Within the entries below, the lines from the one with "Toyota Avensis T270" through the one with "DISEWAKAN RUMAH 2½" are to be set down exactly, both ends kept.

Data shown:
+++++

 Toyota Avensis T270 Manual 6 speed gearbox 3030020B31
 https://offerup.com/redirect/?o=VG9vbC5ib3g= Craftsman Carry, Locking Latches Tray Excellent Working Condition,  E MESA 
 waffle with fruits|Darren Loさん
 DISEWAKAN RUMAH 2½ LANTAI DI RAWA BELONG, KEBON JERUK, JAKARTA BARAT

+++++

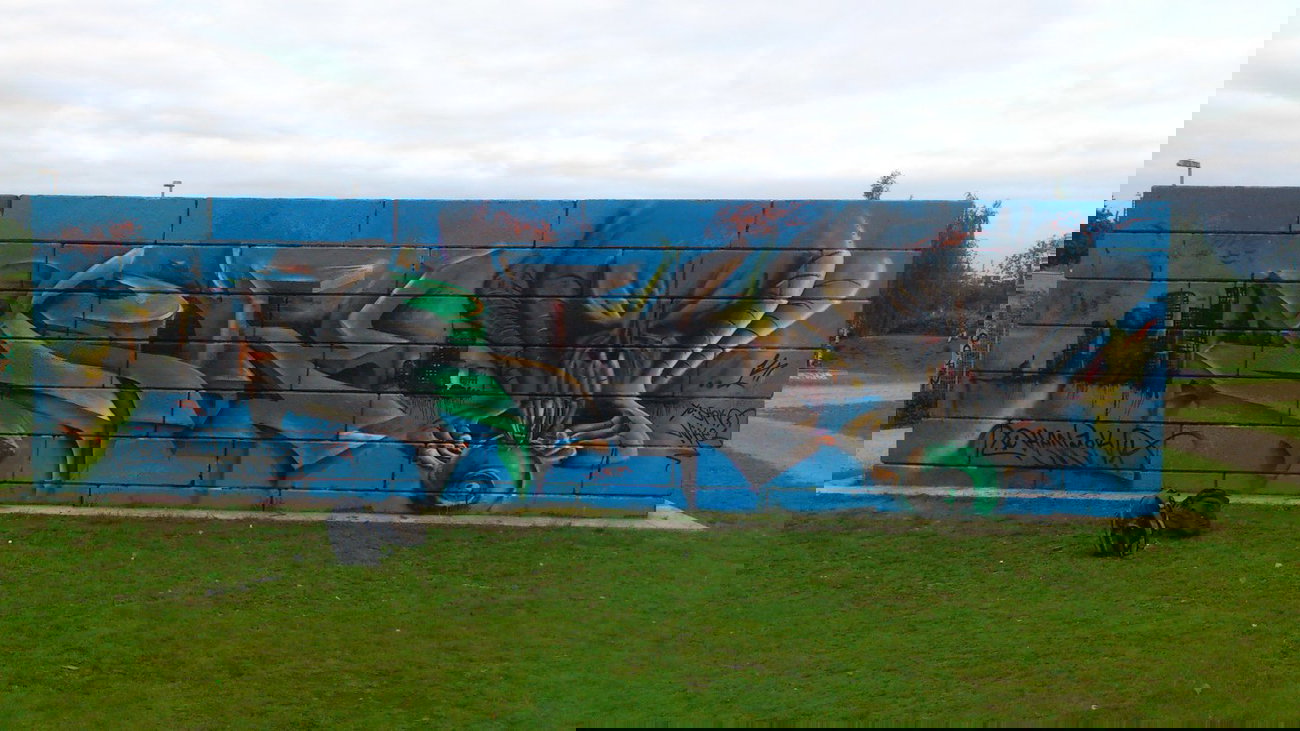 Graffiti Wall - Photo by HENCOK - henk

+++++

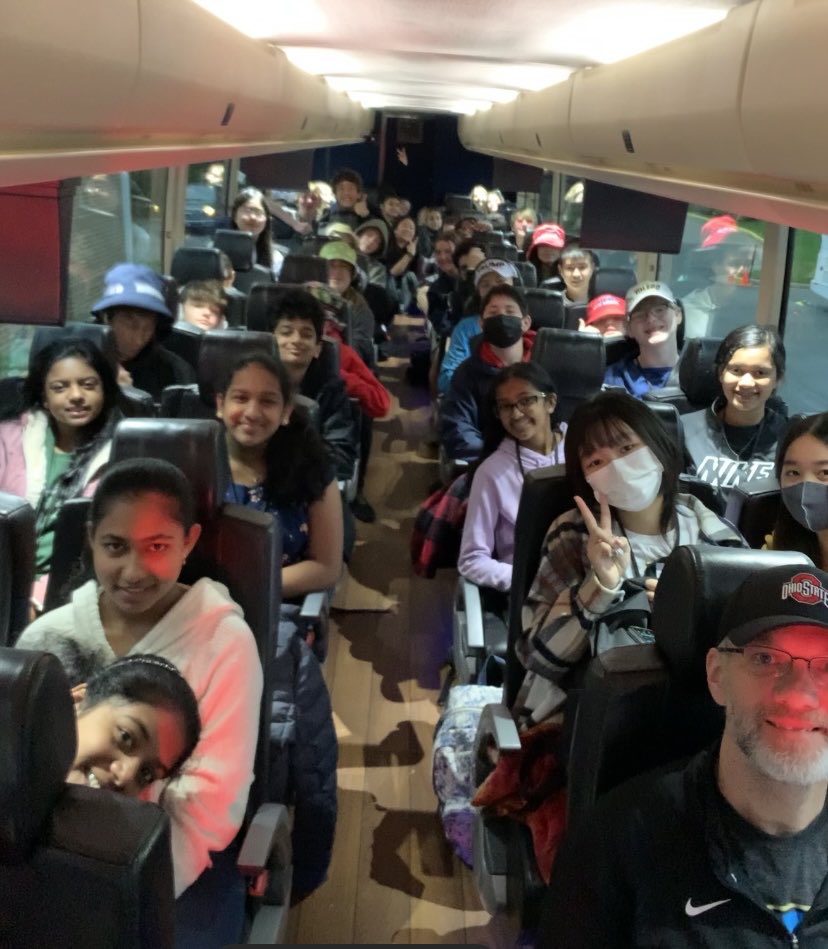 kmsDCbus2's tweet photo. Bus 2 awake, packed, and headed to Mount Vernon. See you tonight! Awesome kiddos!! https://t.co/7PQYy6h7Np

+++++

Result of this task:
 Toyota Avensis T270 Manual 6 speed gearbox 3030020B31
 https://offerup.com/redirect/?o=VG9vbC5ib3g= Craftsman Carry, Locking Latches Tray Excellent Working Condition,  E MESA 
 waffle with fruits|Darren Loさん
 DISEWAKAN RUMAH 2½ LANTAI DI RAWA BELONG, KEBON JERUK, JAKARTA BARAT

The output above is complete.